The future of service trade in China
John Gong

Editor's note: Dr. John Gong is a professor at the University of International Business and Economics and a research fellow at the Academy of China Open Economy Studies at the University of International Business and Economics (UIBE). The article reflects the author's views, and not necessarily those of CGTN.

The second annual China International Fair for Trade in Services (CIFTIS) officially opened in Beijing on September 3. With 18,000 businesses and over 100,000 attendees participating, including more than 2,000 exhibitors manning real booths, this represents China's first if not the world's first large scale commercial show in the COVID-19 pandemic era. Reportedly, one highlight at the fair will be COVID-19 vaccines that are being developed by Chinese companies, as well as devices that can conduct nucleic acid tests for the coronavirus in 30 minutes.

This is no ordinary feat, and it takes the Beijing municipal government some guts to organize an event like this. Compared to many countries around the world, it is widely accepted that China's fight against the virus is a resounding success. Yet President Xi Jinping's opening speech had quite a humble tone without an inkling of triumphalism on display. He mostly talked about calling for an open and inclusive business environment and reaffirmed China's continued opening up moving forward.

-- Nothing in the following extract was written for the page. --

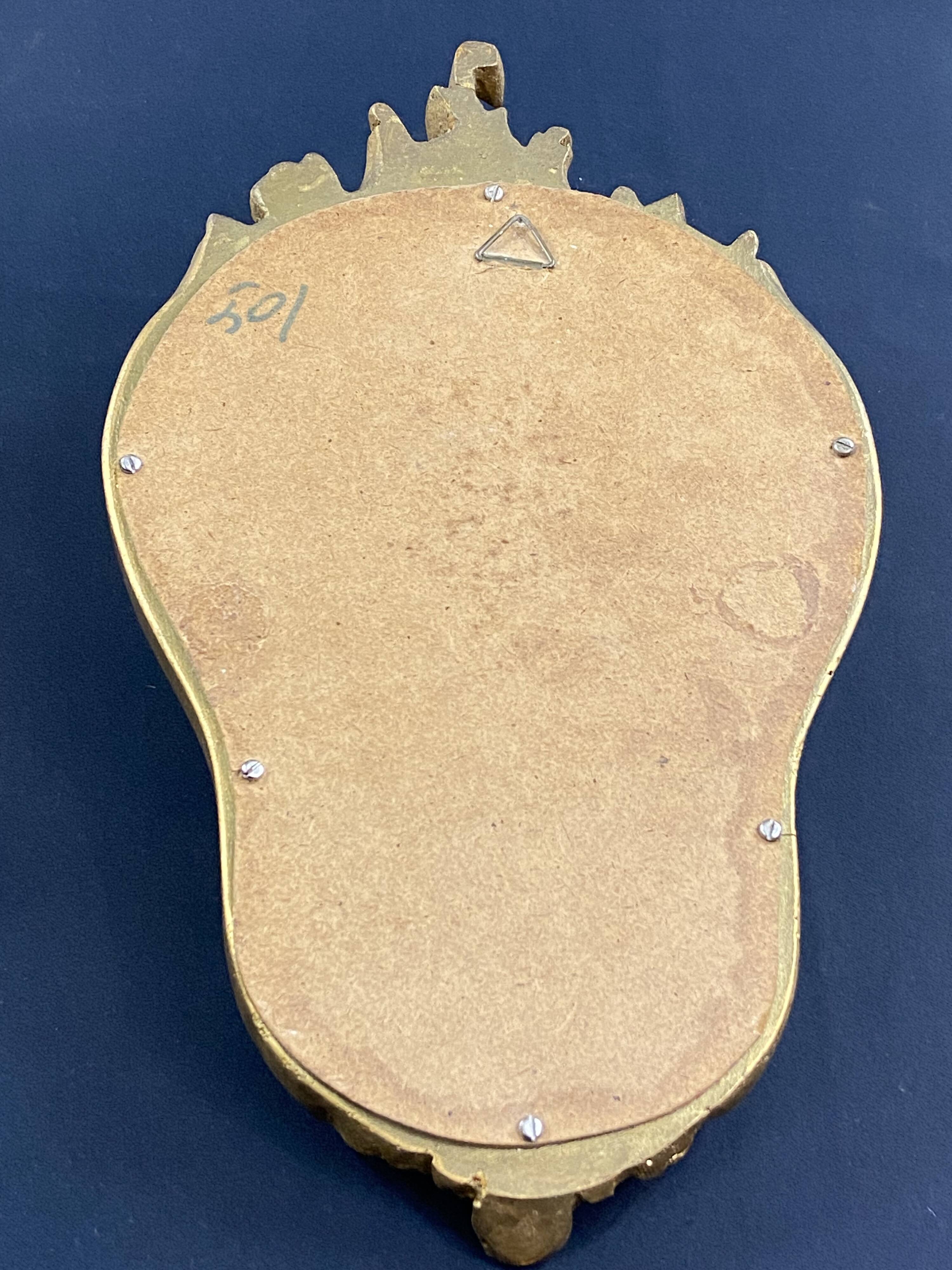 Violin mirror with shell decoration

Trade in service is indeed one area China needs to continue to open up, even against the backdrop of China's large trade deficit in service albeit being the world's largest trading nation. According to the data from the Ministry of Commerce, China enjoyed a trade surplus of 420 billion U.S. dollars in goods in 2019, but incurred a trade deficit of 260 billion U.S. dollars in services. Compared to many industrialized countries, service trade as a percentage of GDP in China is still quite small. For example Germany's service trade accounts for 18 percent of GDP. Even India's service trade created 12 percent of its GDP last year. Here in China, we only have five percent.

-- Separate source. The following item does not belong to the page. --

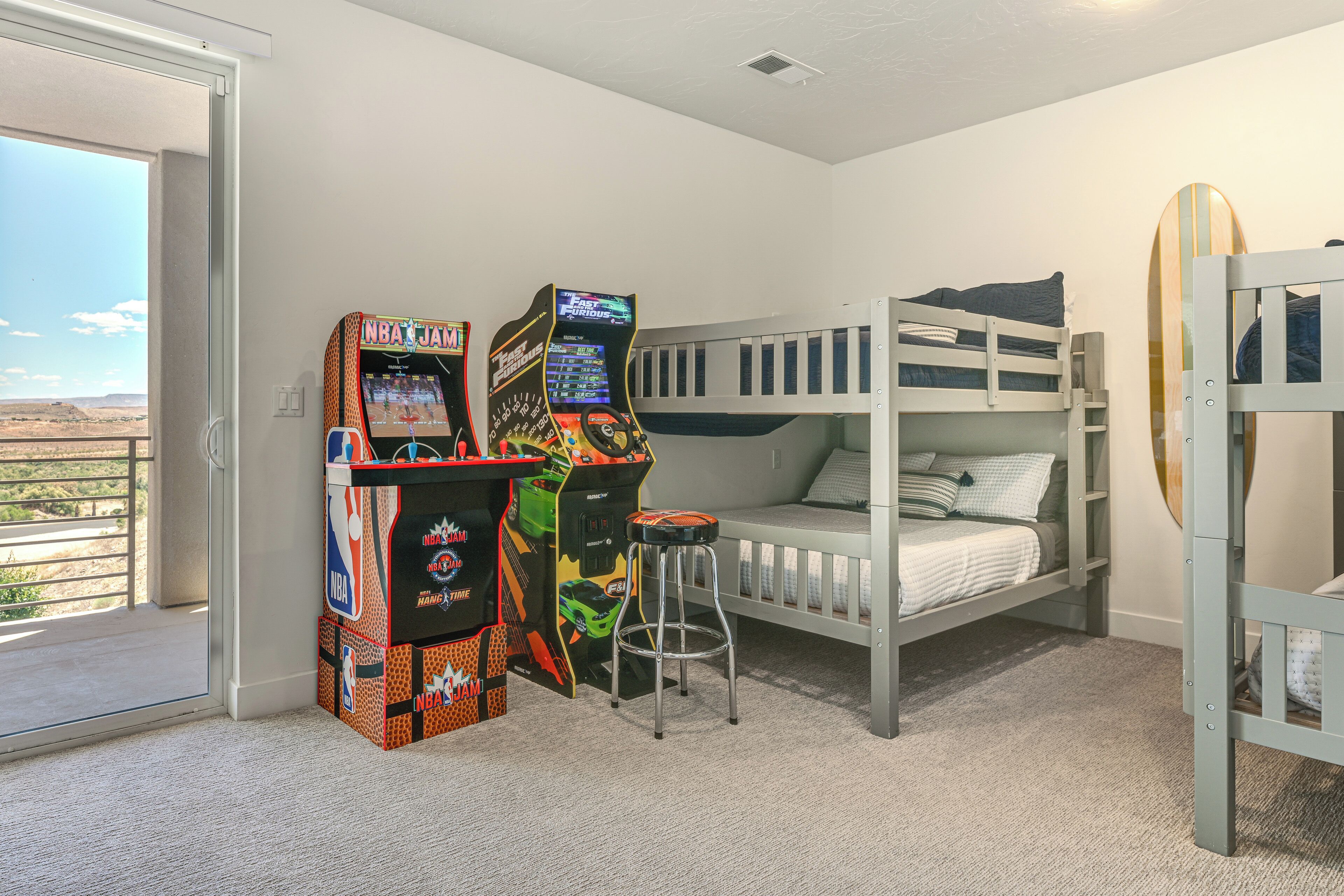 A room with bunk beds, a gaming console, and a surfboard.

A visitor tries a VR ride in the tourism services exhibition area of the 2020 China International Fair for Trade in Services (CIFTIS) in Beijing, China, September 5, 2020. /Xinhua

A visitor tries a VR ride in the tourism services exhibition area of the 2020 China International Fair for Trade in Services (CIFTIS) in Beijing, China, September 5, 2020. /Xinhua

So exports of services apparently have plenty of room for growth. What is more important is to grow in those high value-added service areas, particularly related to the digital economy. Retail for example, is a large component of the service sector, and China has done remarkably well in electronic commerce, with industry behemoths like Alibaba and JD.com who have developed venerable order handling and supply chain infrastructures. There is a vast amount of highly sophisticated advanced technologies behind it that can be used to replicate their business models overseas.

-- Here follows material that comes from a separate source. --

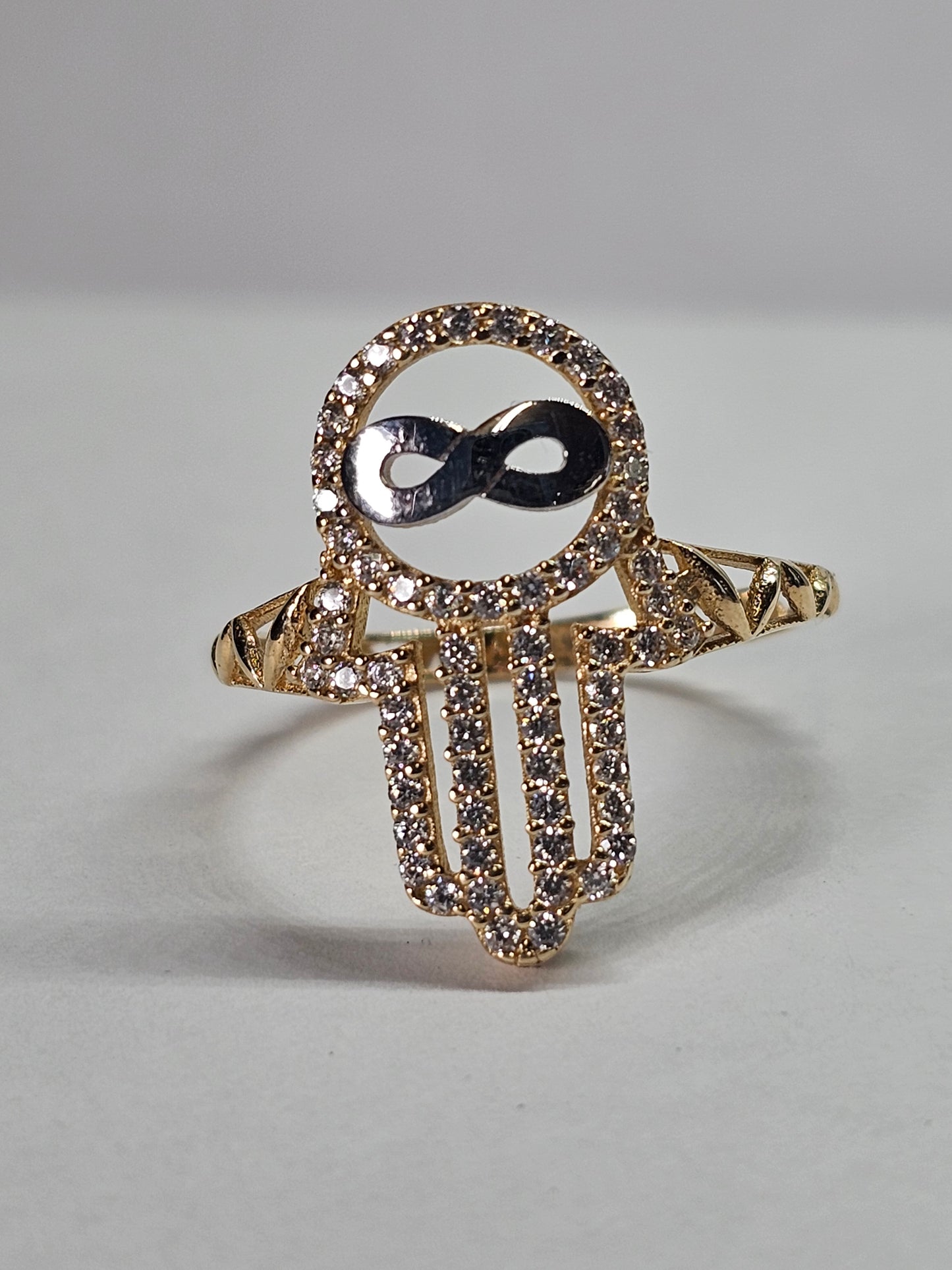Anillo manita de fatima con infinito de 14k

But we also have to emphasize service imports as well. This year China has witnessed a large dip in service imports, as particularly manifested in reduced overseas travels understandably due to the pandemic. As the virus situation gets improved in other countries and with the vaccine becoming closer and closer to reality, we would expect these service imports created overseas will increase. But for service imports created domestically, there is even larger room for growth. And this is also essentially the linchpin of China's long-talked-about deeper reform areas.

Many of China's service sectors are still heavily restricted and protected, including finance, communication, education, media etc. In commercial banking, for instance, the share of foreign banks in China's financial market is still tiny, even though China committed to give foreign banks the equal national treatment after the WTO accession in 2001. I was hosting two panels at this year's Asian Bankers Association's annual event in Shenzhen a week ago. One of my panelists, who is an executive from a major U.S. bank in China, mentioned some difficulties and challenges of continued expansion, beside his quite successful operations in China so far.

In short, this fair comes right in time to give a boost to China's development in service and service trade. All industrialized countries have gone down the path of increasing service shares of their GDPs, and China is not going to be an exception. Right now only a bit over 50 percent of our GDP is tied to service.